Diako Ebrahimi, Ph.D., Assistant Professor

| Host Pathogen Interaction, Population Health

Phone: 1 210-258-9274

Research Focus

Dr. Ebrahimi leads a cross-disciplinary quantitative biology program. His lab combines data and expertise across multiple quantitative and experimental science disciplines such a genetics, virology, cancer, evolution, bioinformatics, mathematics, and statistics to develop and test novel hypotheses. Current studies in Dr. Ebrahimi’s lab focus on identification and quantification of molecular processes in viral and cancer immunity and evolution.

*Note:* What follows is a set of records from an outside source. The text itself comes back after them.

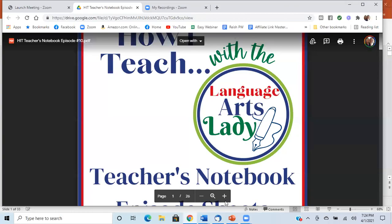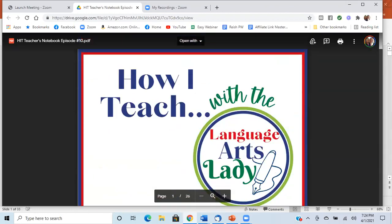Hello, welcome to another episode of How I Teach with the Language Arts Lady. This is episode number 10, and it is How I Teach the Dialogue Story for 6th through 12th grade students. I am Donna Reich, Language Arts Lady, your host, teacher, and curriculum author. I'm really excited to talk to you about dialogue teaching specifically today.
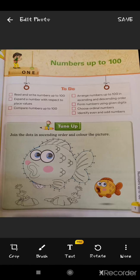Hello students, how are you? I hope you all are doing well. So today this video is about your first chapter in mathematics, that is numbers up to 100. In this chapter, we will learn about numbers.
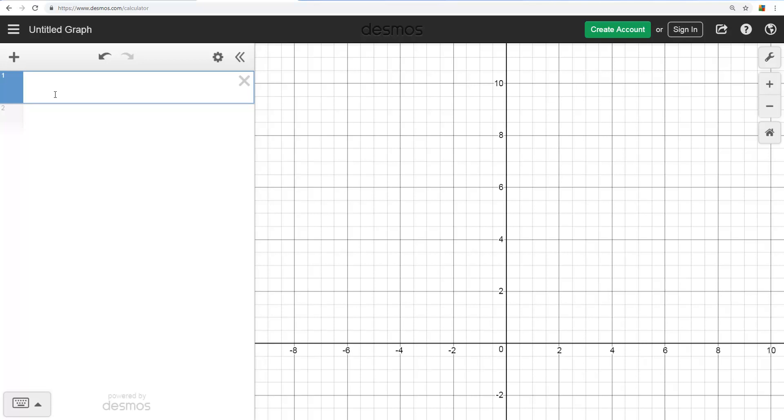The purpose of this tutorial is to show how to graph points from a table of values. Up here, this is where you would normally type in an equation.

  • Discover population-specific virus-host interaction mechanisms Why do some immune genes (e.g. APOBEC3 enzymes) express and splice differently in different human populations? How do these differences play a role in the interaction between immune system and viruses such as HIV-1?
  • Delineate genetic and mechanistic basis of antiviral and cancer immunity Why do the rate and severity of infectious diseases and cancer vary in different humans? What are the viral and host contributing factors?
  • Develop quantitative biology methods and tools to deconvolute complex biological processes – What are the sources of cancer mutations and gene expression variation in cancer? How many dysregulated processes are present in a given tumor tissue biopsy? Is viral infection a player in cancer initiation and/or evolution?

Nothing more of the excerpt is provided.